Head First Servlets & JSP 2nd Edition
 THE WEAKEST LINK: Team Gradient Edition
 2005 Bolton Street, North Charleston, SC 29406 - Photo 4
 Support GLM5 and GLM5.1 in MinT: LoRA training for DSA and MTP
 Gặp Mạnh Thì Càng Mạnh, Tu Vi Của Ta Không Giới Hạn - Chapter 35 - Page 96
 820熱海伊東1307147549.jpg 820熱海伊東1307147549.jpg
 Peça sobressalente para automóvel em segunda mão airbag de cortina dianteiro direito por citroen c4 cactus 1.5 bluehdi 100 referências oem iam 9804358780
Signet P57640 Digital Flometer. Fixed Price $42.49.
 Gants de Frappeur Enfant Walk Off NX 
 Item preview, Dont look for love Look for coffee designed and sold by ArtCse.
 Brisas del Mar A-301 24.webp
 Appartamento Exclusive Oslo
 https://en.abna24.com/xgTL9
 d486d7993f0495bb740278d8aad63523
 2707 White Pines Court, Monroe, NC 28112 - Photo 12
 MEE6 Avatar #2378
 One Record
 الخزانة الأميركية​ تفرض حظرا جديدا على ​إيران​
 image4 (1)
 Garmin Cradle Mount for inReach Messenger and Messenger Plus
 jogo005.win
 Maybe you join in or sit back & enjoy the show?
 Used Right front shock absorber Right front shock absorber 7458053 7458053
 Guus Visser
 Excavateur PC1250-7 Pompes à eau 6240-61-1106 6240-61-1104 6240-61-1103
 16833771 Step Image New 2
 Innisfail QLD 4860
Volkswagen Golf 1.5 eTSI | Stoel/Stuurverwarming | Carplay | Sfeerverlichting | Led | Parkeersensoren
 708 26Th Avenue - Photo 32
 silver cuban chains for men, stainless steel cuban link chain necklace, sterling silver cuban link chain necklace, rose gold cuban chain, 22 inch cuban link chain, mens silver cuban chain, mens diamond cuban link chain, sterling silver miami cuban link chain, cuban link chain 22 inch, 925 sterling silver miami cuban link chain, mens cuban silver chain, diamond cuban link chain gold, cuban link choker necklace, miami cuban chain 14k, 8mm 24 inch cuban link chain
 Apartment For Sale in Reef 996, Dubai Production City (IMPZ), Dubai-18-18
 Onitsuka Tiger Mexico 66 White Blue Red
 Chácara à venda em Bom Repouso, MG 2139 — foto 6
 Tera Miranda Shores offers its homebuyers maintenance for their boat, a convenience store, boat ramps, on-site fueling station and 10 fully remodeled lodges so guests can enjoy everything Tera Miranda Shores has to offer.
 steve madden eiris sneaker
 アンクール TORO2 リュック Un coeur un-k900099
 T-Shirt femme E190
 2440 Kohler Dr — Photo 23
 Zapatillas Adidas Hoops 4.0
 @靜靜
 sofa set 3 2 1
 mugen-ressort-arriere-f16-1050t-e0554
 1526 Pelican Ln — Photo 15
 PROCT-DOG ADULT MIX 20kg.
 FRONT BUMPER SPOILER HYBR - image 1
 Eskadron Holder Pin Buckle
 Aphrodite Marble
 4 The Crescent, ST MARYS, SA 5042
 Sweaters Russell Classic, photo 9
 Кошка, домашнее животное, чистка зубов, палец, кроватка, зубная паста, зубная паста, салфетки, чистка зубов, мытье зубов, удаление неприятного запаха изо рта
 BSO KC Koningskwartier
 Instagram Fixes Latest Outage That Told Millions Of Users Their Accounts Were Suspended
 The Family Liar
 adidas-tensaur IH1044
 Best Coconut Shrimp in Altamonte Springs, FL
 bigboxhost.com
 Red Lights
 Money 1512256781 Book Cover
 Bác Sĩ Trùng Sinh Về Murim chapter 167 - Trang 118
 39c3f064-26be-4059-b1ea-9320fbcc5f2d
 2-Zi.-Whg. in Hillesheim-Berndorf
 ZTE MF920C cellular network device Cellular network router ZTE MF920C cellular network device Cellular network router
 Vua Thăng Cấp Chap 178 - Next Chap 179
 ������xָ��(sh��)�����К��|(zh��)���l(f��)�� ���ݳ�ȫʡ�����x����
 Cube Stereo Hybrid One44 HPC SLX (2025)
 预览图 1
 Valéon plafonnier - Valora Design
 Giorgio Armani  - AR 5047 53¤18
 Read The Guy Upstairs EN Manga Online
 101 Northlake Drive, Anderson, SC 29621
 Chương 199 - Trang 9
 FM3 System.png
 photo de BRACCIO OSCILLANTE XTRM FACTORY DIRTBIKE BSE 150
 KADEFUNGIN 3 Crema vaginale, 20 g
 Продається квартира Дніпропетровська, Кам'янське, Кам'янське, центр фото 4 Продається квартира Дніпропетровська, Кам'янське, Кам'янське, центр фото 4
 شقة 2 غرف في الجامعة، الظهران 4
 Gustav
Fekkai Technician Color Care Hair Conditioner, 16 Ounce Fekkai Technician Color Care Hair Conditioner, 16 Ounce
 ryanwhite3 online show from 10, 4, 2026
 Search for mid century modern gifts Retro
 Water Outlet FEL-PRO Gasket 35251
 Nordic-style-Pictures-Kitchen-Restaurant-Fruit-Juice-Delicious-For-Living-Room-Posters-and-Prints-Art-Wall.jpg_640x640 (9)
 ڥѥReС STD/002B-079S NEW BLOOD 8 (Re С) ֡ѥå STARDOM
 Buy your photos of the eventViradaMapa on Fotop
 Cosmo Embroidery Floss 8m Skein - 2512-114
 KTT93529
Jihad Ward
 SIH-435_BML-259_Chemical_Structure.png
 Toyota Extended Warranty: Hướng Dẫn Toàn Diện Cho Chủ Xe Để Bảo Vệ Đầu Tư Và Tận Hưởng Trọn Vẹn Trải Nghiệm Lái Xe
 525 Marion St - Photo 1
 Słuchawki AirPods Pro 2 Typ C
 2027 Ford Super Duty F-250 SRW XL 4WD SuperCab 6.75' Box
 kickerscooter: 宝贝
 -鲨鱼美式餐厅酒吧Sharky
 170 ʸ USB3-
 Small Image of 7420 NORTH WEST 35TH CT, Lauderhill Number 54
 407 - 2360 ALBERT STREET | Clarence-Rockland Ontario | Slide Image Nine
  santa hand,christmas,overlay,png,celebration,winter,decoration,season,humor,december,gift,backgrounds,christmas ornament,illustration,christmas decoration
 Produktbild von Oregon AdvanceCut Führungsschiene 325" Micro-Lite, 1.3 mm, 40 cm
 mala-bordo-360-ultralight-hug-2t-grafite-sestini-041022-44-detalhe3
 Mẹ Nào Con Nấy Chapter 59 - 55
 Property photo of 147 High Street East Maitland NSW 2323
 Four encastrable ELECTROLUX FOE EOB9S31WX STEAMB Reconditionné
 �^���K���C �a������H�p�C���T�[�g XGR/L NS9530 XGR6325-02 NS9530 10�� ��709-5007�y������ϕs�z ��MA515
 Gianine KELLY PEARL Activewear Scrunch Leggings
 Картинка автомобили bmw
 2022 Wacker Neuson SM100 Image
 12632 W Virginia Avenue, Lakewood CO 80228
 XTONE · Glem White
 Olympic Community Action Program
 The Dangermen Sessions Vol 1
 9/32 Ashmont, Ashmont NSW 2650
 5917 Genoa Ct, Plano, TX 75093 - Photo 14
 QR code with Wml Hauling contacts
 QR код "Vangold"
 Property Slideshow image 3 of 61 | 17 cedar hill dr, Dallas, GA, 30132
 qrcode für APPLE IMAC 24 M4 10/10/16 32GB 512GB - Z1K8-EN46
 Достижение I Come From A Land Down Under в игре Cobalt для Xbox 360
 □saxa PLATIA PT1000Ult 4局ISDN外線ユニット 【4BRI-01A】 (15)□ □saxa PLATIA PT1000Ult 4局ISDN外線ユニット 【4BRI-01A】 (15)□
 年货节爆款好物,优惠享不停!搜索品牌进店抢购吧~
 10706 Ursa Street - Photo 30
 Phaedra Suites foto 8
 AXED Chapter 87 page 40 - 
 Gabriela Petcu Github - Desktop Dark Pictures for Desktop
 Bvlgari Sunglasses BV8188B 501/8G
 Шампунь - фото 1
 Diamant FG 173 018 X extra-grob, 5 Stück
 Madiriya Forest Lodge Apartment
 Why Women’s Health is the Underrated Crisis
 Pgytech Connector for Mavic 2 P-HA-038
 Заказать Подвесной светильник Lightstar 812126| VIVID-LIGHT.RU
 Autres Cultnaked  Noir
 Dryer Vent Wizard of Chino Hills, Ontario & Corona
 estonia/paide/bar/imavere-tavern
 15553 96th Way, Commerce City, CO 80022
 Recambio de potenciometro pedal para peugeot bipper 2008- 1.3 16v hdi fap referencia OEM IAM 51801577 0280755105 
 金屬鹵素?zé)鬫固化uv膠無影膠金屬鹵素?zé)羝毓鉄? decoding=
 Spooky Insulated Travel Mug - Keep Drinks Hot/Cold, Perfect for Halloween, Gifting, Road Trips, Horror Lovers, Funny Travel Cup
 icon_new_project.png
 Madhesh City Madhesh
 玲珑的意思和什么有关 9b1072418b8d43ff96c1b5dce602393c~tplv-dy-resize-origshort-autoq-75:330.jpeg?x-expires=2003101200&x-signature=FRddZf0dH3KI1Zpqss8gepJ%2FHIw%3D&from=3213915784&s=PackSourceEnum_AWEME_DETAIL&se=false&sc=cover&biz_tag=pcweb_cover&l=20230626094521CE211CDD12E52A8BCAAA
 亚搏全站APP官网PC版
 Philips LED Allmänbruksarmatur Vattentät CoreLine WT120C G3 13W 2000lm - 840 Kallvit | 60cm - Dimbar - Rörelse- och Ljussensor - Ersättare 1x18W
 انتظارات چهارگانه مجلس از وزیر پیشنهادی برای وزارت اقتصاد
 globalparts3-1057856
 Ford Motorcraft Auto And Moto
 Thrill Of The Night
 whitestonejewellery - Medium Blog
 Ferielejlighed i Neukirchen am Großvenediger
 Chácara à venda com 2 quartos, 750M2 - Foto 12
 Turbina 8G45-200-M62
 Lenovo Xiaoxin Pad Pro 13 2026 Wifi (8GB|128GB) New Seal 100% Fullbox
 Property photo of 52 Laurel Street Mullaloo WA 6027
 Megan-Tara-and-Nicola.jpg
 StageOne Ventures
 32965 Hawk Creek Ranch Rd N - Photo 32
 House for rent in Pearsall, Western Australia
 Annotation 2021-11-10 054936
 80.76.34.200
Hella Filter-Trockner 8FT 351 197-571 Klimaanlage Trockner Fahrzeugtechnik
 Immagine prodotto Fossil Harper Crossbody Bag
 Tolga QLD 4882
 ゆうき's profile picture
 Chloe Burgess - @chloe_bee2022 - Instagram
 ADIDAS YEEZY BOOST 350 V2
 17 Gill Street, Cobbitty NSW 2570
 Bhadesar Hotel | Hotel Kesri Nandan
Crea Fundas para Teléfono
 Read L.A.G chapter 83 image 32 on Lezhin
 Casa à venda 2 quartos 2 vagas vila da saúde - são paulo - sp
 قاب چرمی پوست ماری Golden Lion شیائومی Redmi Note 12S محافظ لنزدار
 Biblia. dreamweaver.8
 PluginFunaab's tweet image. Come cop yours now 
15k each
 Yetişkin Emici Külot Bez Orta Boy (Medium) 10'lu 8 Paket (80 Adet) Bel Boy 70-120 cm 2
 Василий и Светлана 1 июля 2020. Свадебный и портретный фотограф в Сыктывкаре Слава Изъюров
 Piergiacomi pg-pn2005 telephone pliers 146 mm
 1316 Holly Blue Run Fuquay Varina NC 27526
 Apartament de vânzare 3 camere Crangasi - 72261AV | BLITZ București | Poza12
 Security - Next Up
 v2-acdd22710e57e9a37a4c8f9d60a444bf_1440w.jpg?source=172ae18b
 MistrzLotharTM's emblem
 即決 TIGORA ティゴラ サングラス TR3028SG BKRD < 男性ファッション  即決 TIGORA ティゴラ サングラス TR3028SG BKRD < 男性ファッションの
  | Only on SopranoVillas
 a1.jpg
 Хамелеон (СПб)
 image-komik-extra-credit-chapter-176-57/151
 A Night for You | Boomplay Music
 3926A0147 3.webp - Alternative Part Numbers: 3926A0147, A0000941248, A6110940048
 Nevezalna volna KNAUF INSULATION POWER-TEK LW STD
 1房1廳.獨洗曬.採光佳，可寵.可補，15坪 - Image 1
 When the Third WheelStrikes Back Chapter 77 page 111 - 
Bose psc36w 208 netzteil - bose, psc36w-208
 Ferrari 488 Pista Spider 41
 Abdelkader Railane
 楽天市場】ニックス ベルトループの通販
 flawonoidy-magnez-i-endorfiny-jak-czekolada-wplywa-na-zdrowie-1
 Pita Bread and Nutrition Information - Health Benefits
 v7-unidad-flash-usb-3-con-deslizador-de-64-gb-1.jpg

———

**Task objective**.
Pick out the lines above containing the word "Edition", then copy them.

**Written response**.
Head First Servlets & JSP 2nd Edition
 THE WEAKEST LINK: Team Gradient Edition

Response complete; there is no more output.